Historical Marker #1866 marks the Pike County Courthouse and Jail, where members of the Hatfield family were tried and found guilty of the murders of Tolbert, Randolph, Jr., Pharmer, Alifair, and Calvin McCoy.
In September 1889, the bloody results of the feud brought many of the participants into the courthouse in Pikeville. Here, eight members of the Hatfield group were convicted of murder and sentenced to life in prison. One, Ellison Mounts, who pled guilty to the murder of Alifair McCoy, the daughter of Randolph and Sarah, was sentenced to death and hanged the following year (covered in marker #1913).

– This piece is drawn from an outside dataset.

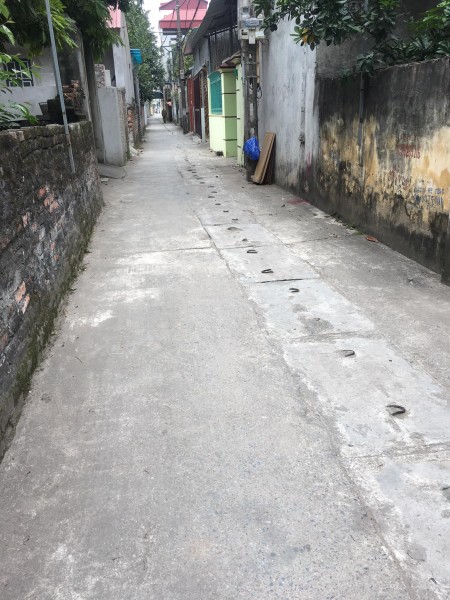 Bán nhanh mảnh đất 63m Làng Vàng Cổ Bi giá đẹp cho nhà đầu tư. 0983253436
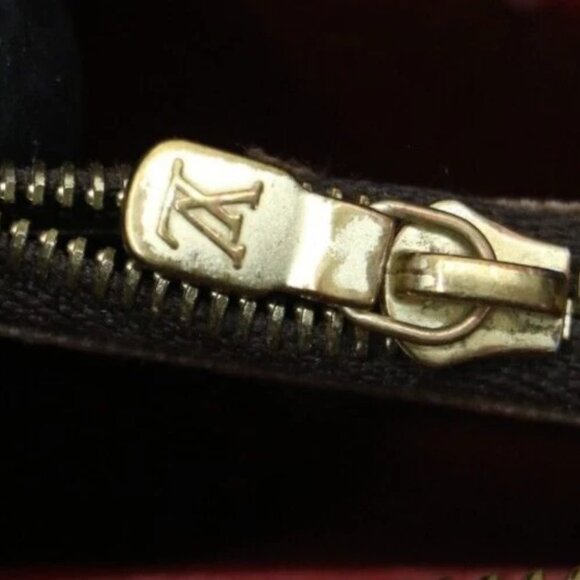 Louis Vuitton Damier Ebene Clemence Wallet - Picture 11 of 14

These legal proceedings effectively moved the feud from the hills and hollers into the judicial system and newspapers. Working through legal channels clashed with stereotypes that emphasize interpersonal violence, yet the McCoy’s sought justice in courts by the end of the 1880s. This speaks to the expanding cast of characters involved in the drama, which by this point had embroiled the governors of both Kentucky and West Virginia. The growing outside interest in the feud reflected a more general expansion of interest in southern Appalachia generally as the region became increasingly incorporated into the national economy. The violence of the feud was viewed as antithetical to progress and an obstacle to economic prosperity. Bringing the feud under the authority of the state, then, would make the region safe for outside investment and economic modernization.
Historical Marker #1866 was dedicated in 1990.
The marker reads:
Pike Co. Courthouse and Jail
Courthouse erected 1888-89 by McDonald Bros.; later renovated 1932-33. Here was scene of Hatfield clan trials for murders of Tolbert, Randolph, Jr., Pharmer, Alifair, and Calvin McCoy. The defendants lodged in adjacent jail; found guilty and sentenced to life in prison except Ellison Mounts, hanged February 18, 1890. Courthouse and jail part of Hatfield-McCoy Feud Historic Dist.